EXERCISE OBJECTIVE: Return all of the entries below exactly as they are given.

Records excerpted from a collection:
++++++
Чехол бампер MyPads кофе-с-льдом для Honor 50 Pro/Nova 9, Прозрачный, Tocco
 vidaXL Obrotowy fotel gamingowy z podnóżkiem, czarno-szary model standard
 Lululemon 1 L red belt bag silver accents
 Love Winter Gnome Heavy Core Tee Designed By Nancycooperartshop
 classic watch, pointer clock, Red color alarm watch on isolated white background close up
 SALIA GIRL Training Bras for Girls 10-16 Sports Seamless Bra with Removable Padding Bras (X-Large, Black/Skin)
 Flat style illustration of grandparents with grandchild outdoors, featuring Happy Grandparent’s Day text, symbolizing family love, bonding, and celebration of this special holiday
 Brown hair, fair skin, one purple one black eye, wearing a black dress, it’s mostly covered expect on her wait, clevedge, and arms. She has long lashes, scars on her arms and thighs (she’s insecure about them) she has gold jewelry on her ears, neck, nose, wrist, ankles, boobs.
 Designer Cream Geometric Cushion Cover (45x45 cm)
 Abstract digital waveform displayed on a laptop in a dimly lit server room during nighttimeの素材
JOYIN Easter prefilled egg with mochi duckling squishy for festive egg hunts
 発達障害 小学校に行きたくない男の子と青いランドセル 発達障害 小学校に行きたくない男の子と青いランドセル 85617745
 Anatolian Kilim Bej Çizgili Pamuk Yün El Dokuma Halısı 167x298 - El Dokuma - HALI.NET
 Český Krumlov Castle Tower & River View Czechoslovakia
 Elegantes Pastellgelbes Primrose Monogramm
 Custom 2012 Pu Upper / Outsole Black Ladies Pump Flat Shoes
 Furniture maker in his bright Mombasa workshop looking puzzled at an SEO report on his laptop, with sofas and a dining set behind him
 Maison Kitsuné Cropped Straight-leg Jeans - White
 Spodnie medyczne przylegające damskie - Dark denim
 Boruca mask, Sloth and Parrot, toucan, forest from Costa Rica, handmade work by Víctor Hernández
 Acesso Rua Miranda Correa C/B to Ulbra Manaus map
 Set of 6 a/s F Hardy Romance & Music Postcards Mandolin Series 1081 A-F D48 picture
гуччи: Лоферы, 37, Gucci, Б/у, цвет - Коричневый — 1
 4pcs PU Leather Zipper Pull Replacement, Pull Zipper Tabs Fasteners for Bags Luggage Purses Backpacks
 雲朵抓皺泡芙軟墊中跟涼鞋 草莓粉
++++++
ANSWER SPACE:
Чехол бампер MyPads кофе-с-льдом для Honor 50 Pro/Nova 9, Прозрачный, Tocco
 vidaXL Obrotowy fotel gamingowy z podnóżkiem, czarno-szary model standard
 Lululemon 1 L red belt bag silver accents
 Love Winter Gnome Heavy Core Tee Designed By Nancycooperartshop
 classic watch, pointer clock, Red color alarm watch on isolated white background close up
 SALIA GIRL Training Bras for Girls 10-16 Sports Seamless Bra with Removable Padding Bras (X-Large, Black/Skin)
 Flat style illustration of grandparents with grandchild outdoors, featuring Happy Grandparent’s Day text, symbolizing family love, bonding, and celebration of this special holiday
 Brown hair, fair skin, one purple one black eye, wearing a black dress, it’s mostly covered expect on her wait, clevedge, and arms. She has long lashes, scars on her arms and thighs (she’s insecure about them) she has gold jewelry on her ears, neck, nose, wrist, ankles, boobs.
 Designer Cream Geometric Cushion Cover (45x45 cm)
 Abstract digital waveform displayed on a laptop in a dimly lit server room during nighttimeの素材
JOYIN Easter prefilled egg with mochi duckling squishy for festive egg hunts
 発達障害 小学校に行きたくない男の子と青いランドセル 発達障害 小学校に行きたくない男の子と青いランドセル 85617745
 Anatolian Kilim Bej Çizgili Pamuk Yün El Dokuma Halısı 167x298 - El Dokuma - HALI.NET
 Český Krumlov Castle Tower & River View Czechoslovakia
 Elegantes Pastellgelbes Primrose Monogramm
 Custom 2012 Pu Upper / Outsole Black Ladies Pump Flat Shoes
 Furniture maker in his bright Mombasa workshop looking puzzled at an SEO report on his laptop, with sofas and a dining set behind him
 Maison Kitsuné Cropped Straight-leg Jeans - White
 Spodnie medyczne przylegające damskie - Dark denim
 Boruca mask, Sloth and Parrot, toucan, forest from Costa Rica, handmade work by Víctor Hernández
 Acesso Rua Miranda Correa C/B to Ulbra Manaus map
 Set of 6 a/s F Hardy Romance & Music Postcards Mandolin Series 1081 A-F D48 picture
гуччи: Лоферы, 37, Gucci, Б/у, цвет - Коричневый — 1
 4pcs PU Leather Zipper Pull Replacement, Pull Zipper Tabs Fasteners for Bags Luggage Purses Backpacks
 雲朵抓皺泡芙軟墊中跟涼鞋 草莓粉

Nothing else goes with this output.